Suburban Spotlight: Jason Heads To Plymouth
PLYMOUTH, Minn. (WCCO) -- We love our cities and we love getting a chance to meet the interesting people and visit the cool places in our suburbs too.
This week in our Suburban Spotlight series, Mike Augustyniak went to Inver Grove Heights, Jamie Yuccas checked out Eden Prairie and Natalie Nyhus headed east to Grant. To finish up the series, Jason DeRusha was no stranger to where his dart landed: Plymouth.

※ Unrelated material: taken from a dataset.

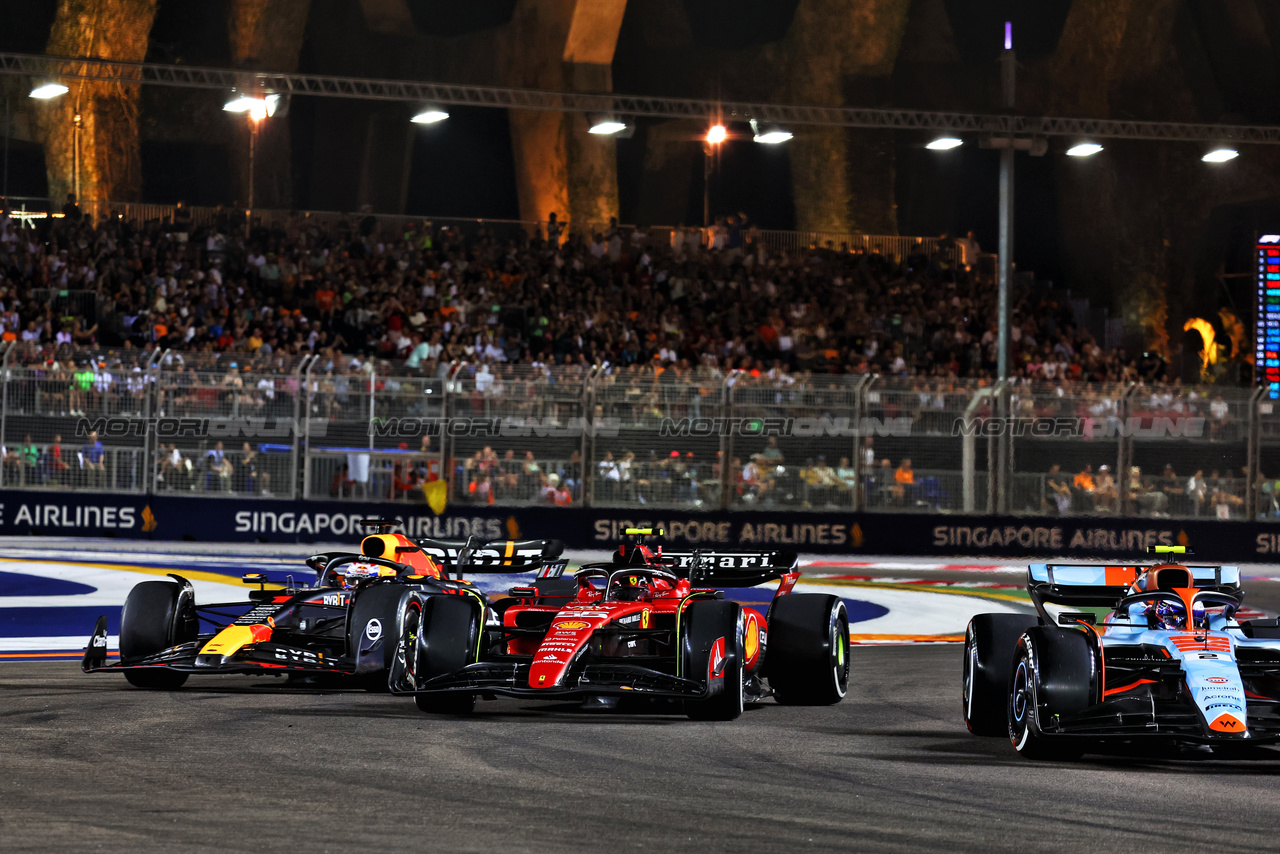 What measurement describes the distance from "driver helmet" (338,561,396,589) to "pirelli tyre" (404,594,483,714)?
159 centimetres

The suburb just west of Interstate 394 is the third-largest in the Twin Cities with nearly 73,000 people living there. There are four school districts: Wayzata High School is in Plymouth. There's also Osseo Schools, Robbinsdale and Hopkins.
One of the more famous athletes to come from Plymouth is former Gophers start running back Marion Barber III, who grew up in Plymouth, attended Wayzata and played in the NFL.
But we start our tour of Plymouth at the original Town Hall. Gary Schiebe's great-great-grandfather bought a hotel here in 1872.
"The people of Plymouth didn't like the name Plymouth," Schiebe said.
In 1858, the town council voted to change the name to Medicine Lake, but Schiebe said they never actually made the change.
The Plymouth Playhouse has been around for 40 years and it's in the basement of a hotel off I-394.
Plymouth has a lot of small businesses, like the custom varsity clothing shop run for a decade by Kristin Williams.
"We've done jackets and sweaters for Broadway, TV, film recording artists," Williams said.
Plymouth has six big lakes, including the lake at French Regional Park. And there's the local shop Honey & Mackie's, where they pair ice cream with French fries. Amy Albert and her husband named Honey & Mackie's for their two boys.
"We wanted an ice cream shop in Plymouth because we live near here. And we tried to think of something to put with ice cream that would be warmer for winter, so fries just made sense," Amy said.
They make all the flavors in the shop. Fresh cut the fries every day.